Sometime ago I started working on pub0sub - Fast, Light-weight, Ordered
Pub/Sub
System --- built on top of async I/O, leveraging power of kernel event loop.
The main idea behind it was to write a software ( along with SDK ) which can be used for publishing
arbitrary length binary messages to N-many
topics; subscribing to N-many topics --- listening for messages published on each of them; and last
but not least
one powerful Pub/Sub Hub ( i.e. Router ) which will easily solve C10K by leveraging power of async
I/O.
The aforementioned problem statement is solved, which is why I decided to update problem statement.
Now it looks like pub0sub - Distributed, Fast, Light-weight, Ordered Pub/Sub
System --- solving
C1M easily while leveraging power of kernel event loop & p2p networking.
By making pub0sub distributed, I get to handle 1M concurrent
connection
where nodes form a mesh network for chatting about topic interest(s) & forward messages when need to
--- a collaborative effort among peers.
I choose to use libp2p for networking purpose, for being so modular
--- enabling easy horizontal
scalability, while taking care of stream multiplexing, security, peer-discovery etc.
Here I propose primary design of system !
Multiple pub0sub nodes can discover & connect to each other using DHT ( distributed hash table ) powered peer discovery mechanism, built right into libp2p and eventually form a mesh network.

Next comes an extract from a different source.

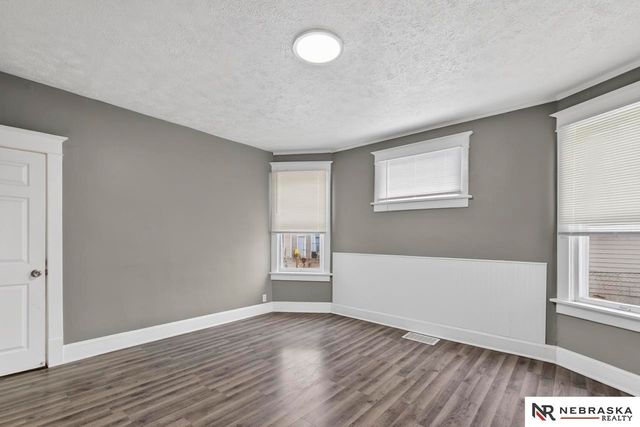 2566 Manderson Street, Omaha, NE 68111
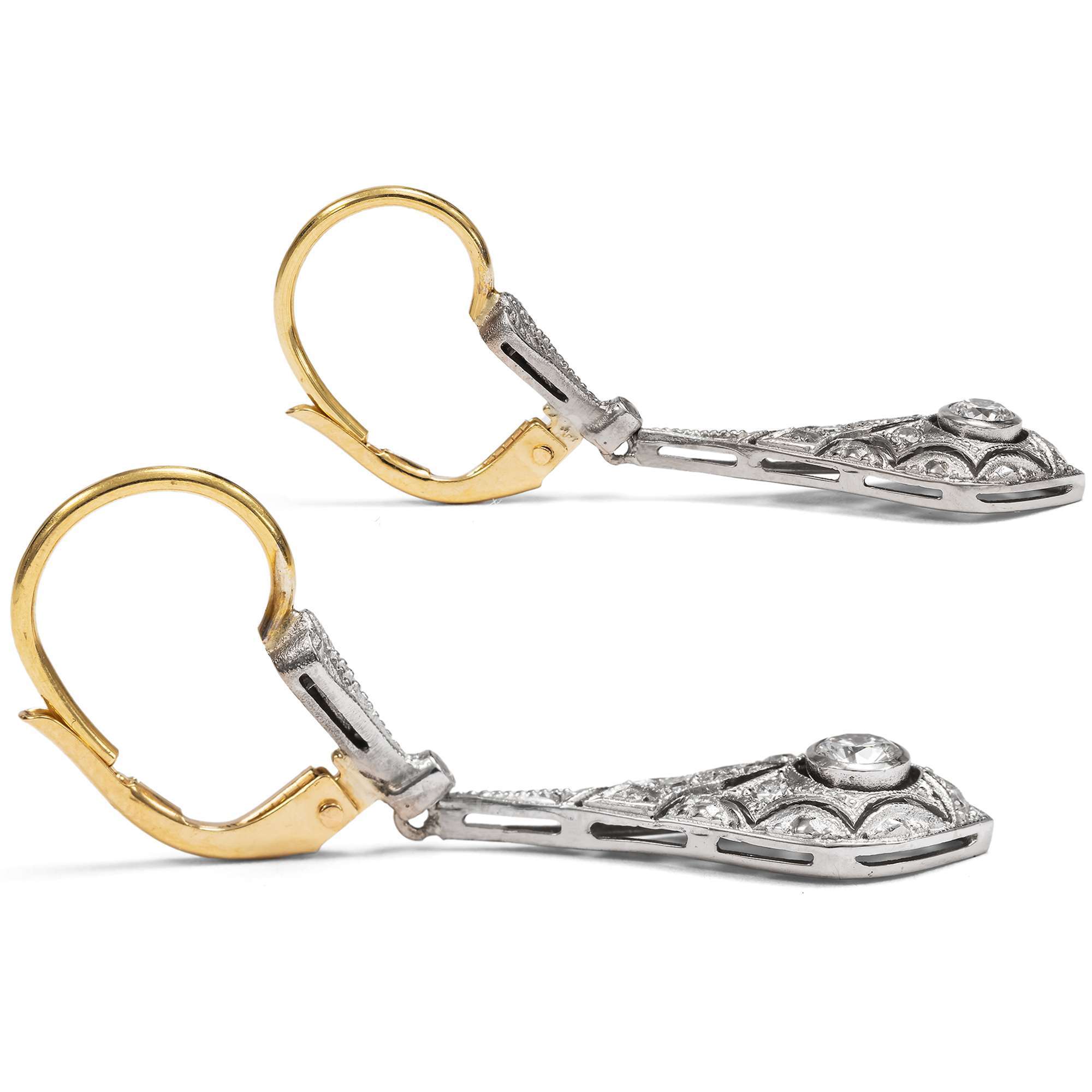 623316-hofer-antikschmuck-Elegante-Ohrringe-mit-Diamanten-aus-unserer-Werkstatt-Funkelnde-Begleiter_2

If network has N participant(s), each participant is going to maintain connection with other N-1 peer(s), where N > 0. These participants of p2p network are going to chat with each other over bi-directional stream. Things nodes need to talk about 👇
Operation | Interpretation |
---|---|
Topic subscription | Letting peers know of interest in some topics |
Topic subscription ACK | Peer saying it has noted down & will forward published messages if sees any |
Topic unsubscription | Announcing not interested in topics anymore |
Topic unsubscription ACK | Peer saying it has removed entry & will no more forward published messages |
Published message forwarding | Passing published message to interested peer |
Periodic heartbeat | Network health check |
As each of aforementioned operations require to pass different message formats, I'm going to define respective wire formats. But before I get into wire format, writing to/ reading from stream I'd like to spend some time in going through high level overview of network operation.

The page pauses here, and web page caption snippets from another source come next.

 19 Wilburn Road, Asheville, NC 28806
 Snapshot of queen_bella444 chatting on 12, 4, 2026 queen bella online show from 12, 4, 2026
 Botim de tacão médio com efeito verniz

Say, two nodes form a cluster --- one node has a topic_1 subscriber connected to it while
other one has a publisher connected to it, willing to publish message on topic_1. After
first node finds out, it has one subscriber interested in messages from topic_1, it decides
to ask its peer 0hub node, if it sees any message targeted to
topic_1, it should inform requester. Publisher sends publish intent to network, which
triggers
event saying network has received some message on topic_1 for which first node has interested
subscriber.
Two nodes chat over p2p network, resulting into message forwarding, which enables first node
to deliver message published on topic_1 to its subscriber.
When noticed carefully, network follows certain protocols
Let's take another scenario.
Continuing previous scenario, after sometime subscriber doesn't anymore want to receive
messages published on topic_1, so it sends unsubscription intent to network. As a result
of it, respective 0hub node decides to broadcast same to network, because it found it doesn't have any other
subscribers who're interested in messages of topic_1. All peers who kept record of this node
being interested in topic_1, updates their respective interest table, ensuring when in future
it receives message published on topic_1, it won't forward to first peer.

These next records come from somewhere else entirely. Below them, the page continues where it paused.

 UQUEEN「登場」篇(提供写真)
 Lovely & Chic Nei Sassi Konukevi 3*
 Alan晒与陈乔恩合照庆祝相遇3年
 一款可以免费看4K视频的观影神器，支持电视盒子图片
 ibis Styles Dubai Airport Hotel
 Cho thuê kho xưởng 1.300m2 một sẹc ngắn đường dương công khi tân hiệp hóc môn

This way of showing interest to topics when peers has some subscribers to feed or
announcing not interested anymore when all subscribers of certain topic unsubscribes --- allows
network to pass published messages only when needed, eventually consuming lower bandwidth. I call it Lazy
Pushing.
With more peers, network interaction may look like 👇 from high level, where 0hub nodes form p2p mesh network, other participants are mere clients.
Say, one subscriber shows interest in receiving messages from {topic_1, topic_2, topic_3} but the 0hub node it's connected to doesn't have any publisher of any of those topics. As soon as 0hub node learns it has subscriber to feed messages of {topic_1, topic_2, topic_3}, following protocol it announces that intent to other peers. Each of other peers record it & as soon as they receive any message published on any of these topics they forward those to respective peers.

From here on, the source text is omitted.